TASK DIRECTIONS.
Repeat every record exactly, but keep images out of the copy.

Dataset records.
━━━━━━━━━━

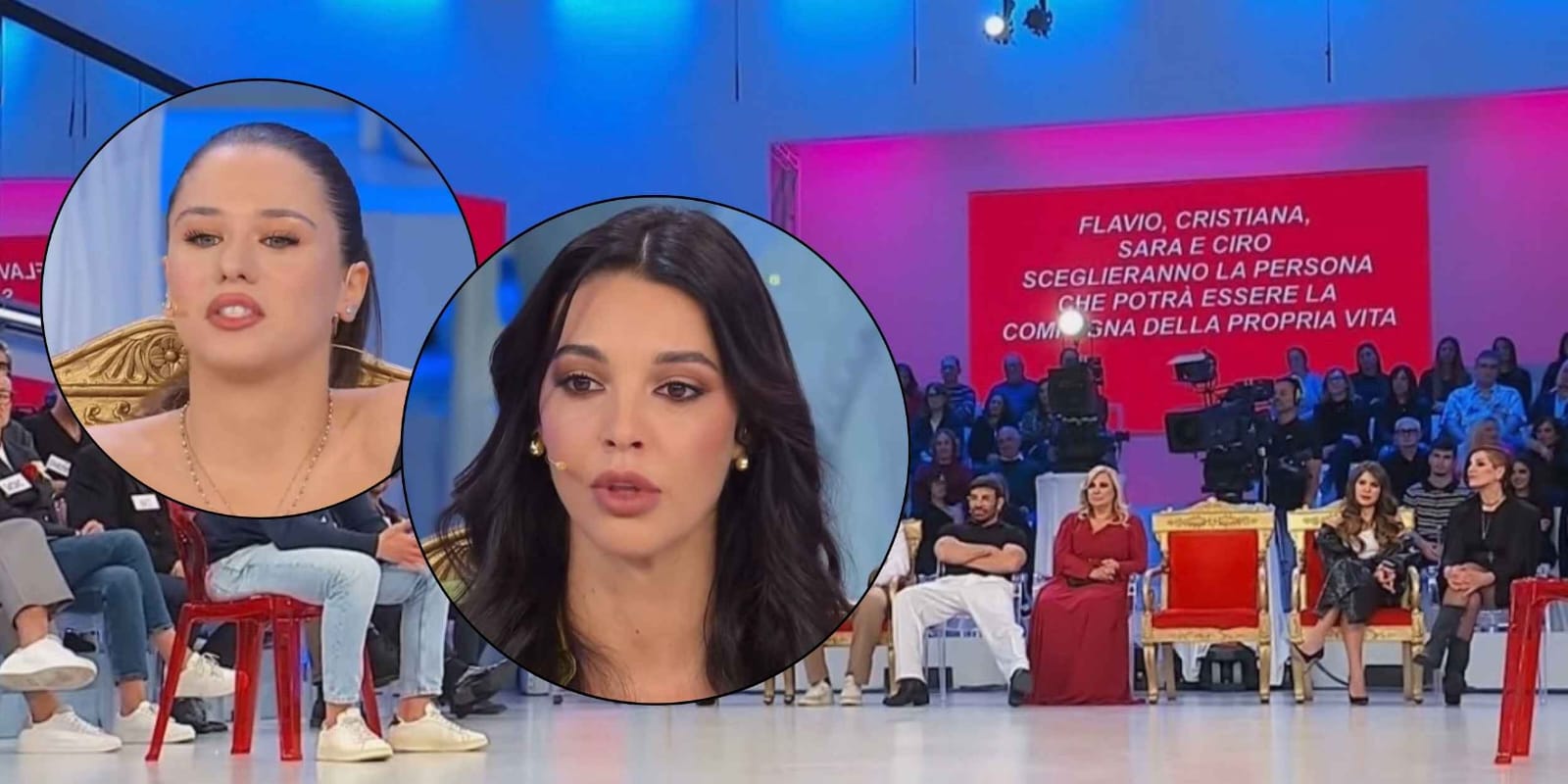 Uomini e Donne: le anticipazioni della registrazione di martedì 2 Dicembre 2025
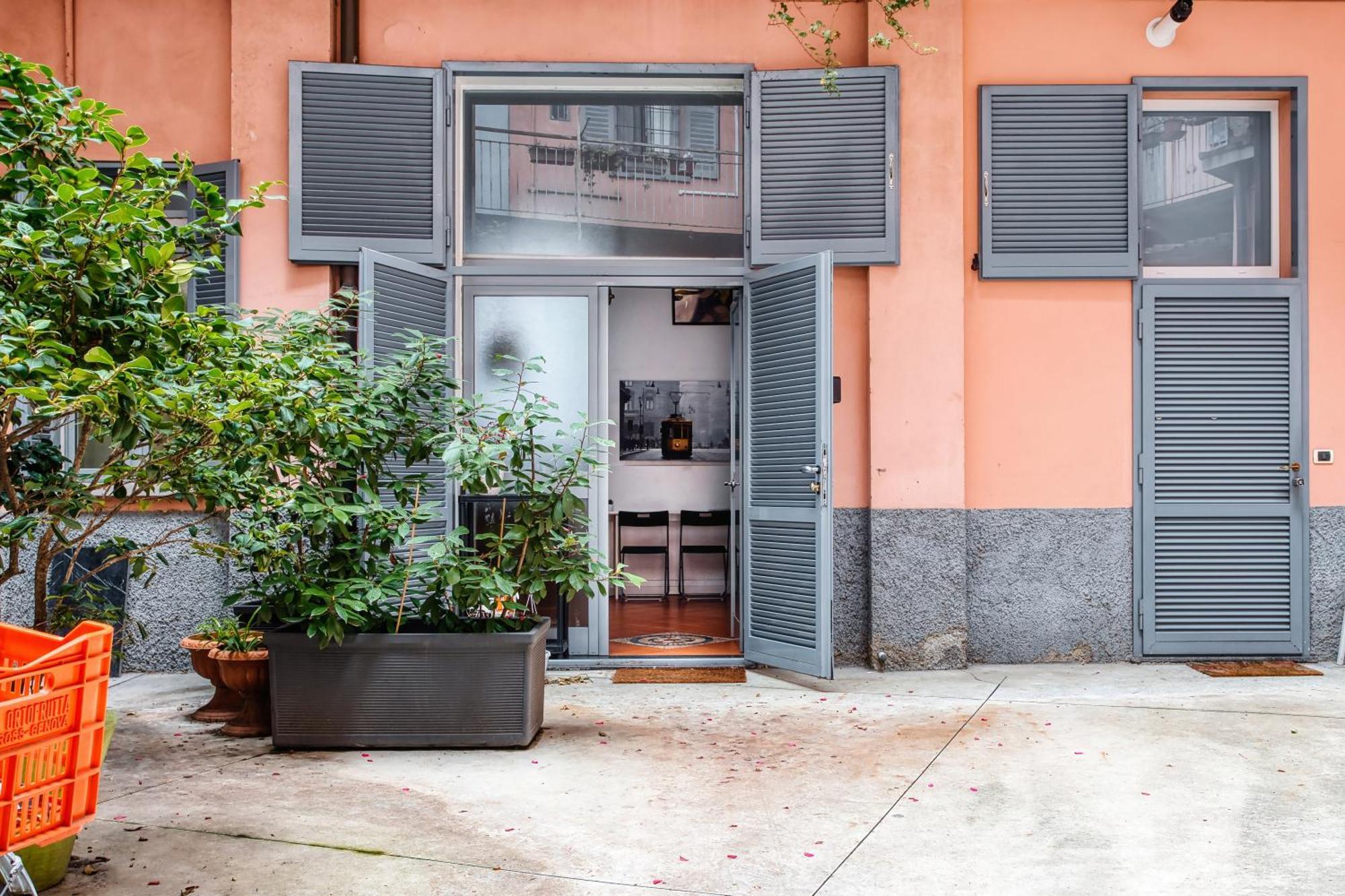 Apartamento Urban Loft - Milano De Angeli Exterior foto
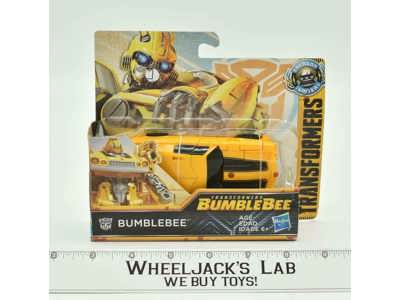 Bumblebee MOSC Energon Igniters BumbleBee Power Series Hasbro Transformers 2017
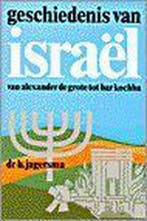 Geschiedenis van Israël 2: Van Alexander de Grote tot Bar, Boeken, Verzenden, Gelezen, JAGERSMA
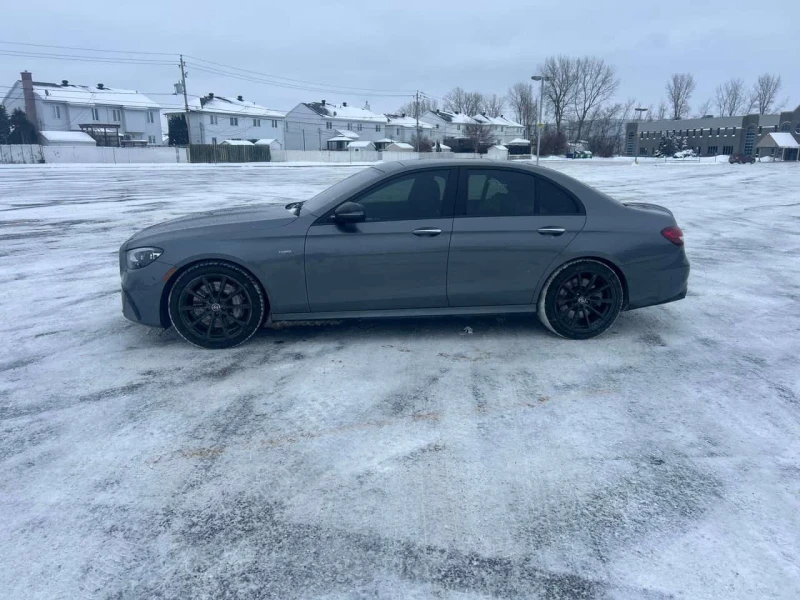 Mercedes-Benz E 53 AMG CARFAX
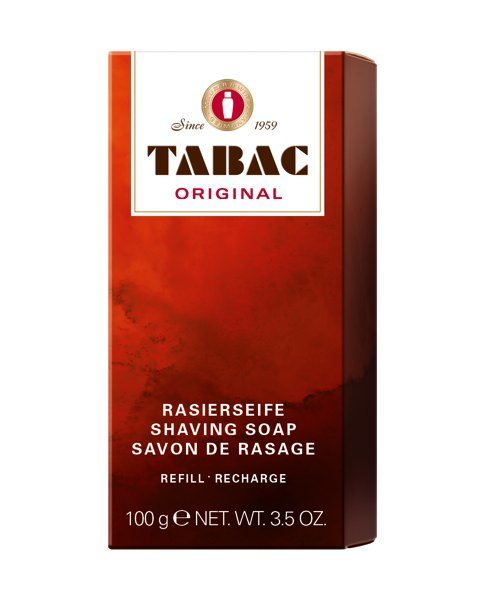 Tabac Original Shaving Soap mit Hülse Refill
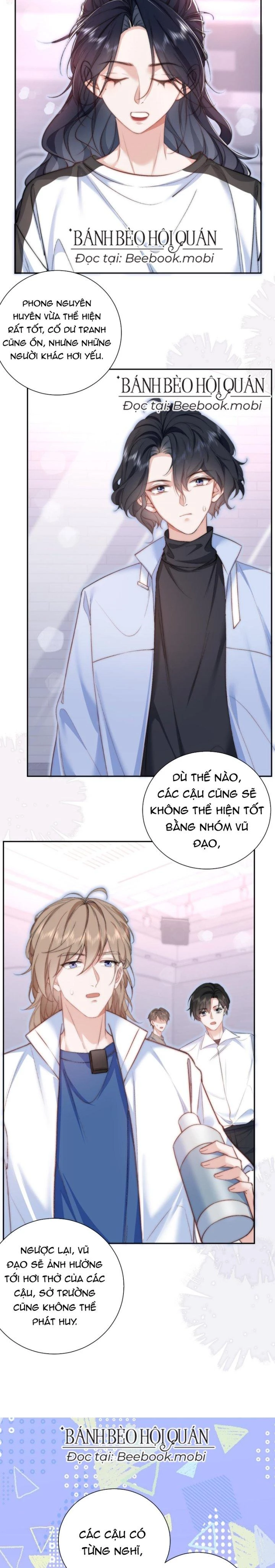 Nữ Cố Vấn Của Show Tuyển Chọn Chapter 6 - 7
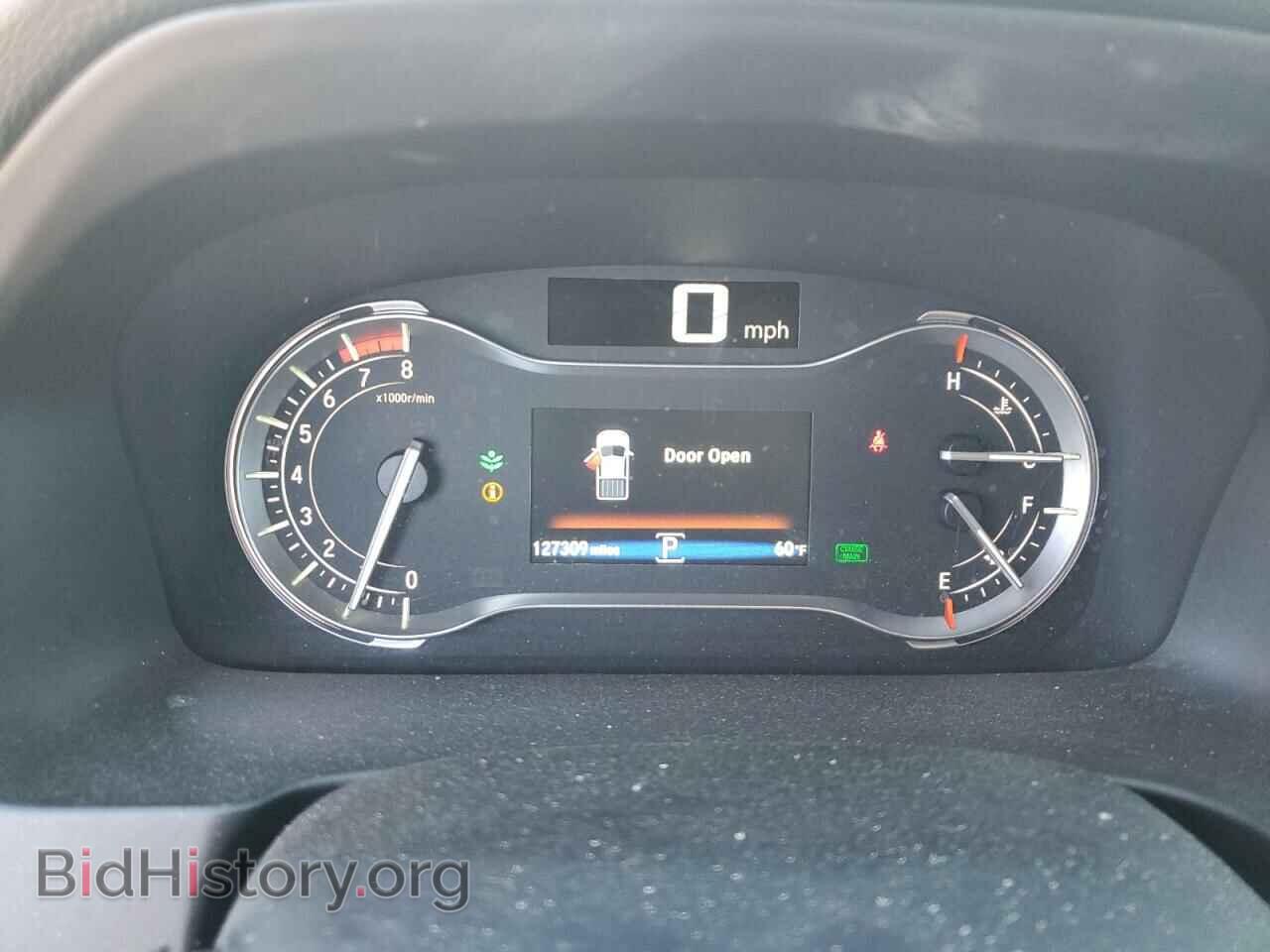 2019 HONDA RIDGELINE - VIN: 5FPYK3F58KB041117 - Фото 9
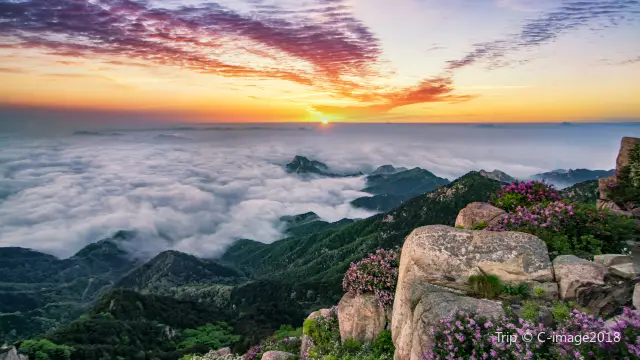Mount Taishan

━━━━━━━━━━

ANSWER BOX.
 Uomini e Donne: le anticipazioni della registrazione di martedì 2 Dicembre 2025
 Apartamento Urban Loft - Milano De Angeli Exterior foto
 Bumblebee MOSC Energon Igniters BumbleBee Power Series Hasbro Transformers 2017
 Geschiedenis van Israël 2: Van Alexander de Grote tot Bar, Boeken, Verzenden, Gelezen, JAGERSMA
 Mercedes-Benz E 53 AMG CARFAX
 Tabac Original Shaving Soap mit Hülse Refill
 Nữ Cố Vấn Của Show Tuyển Chọn Chapter 6 - 7
 2019 HONDA RIDGELINE - VIN: 5FPYK3F58KB041117 - Фото 9
Mount Taishan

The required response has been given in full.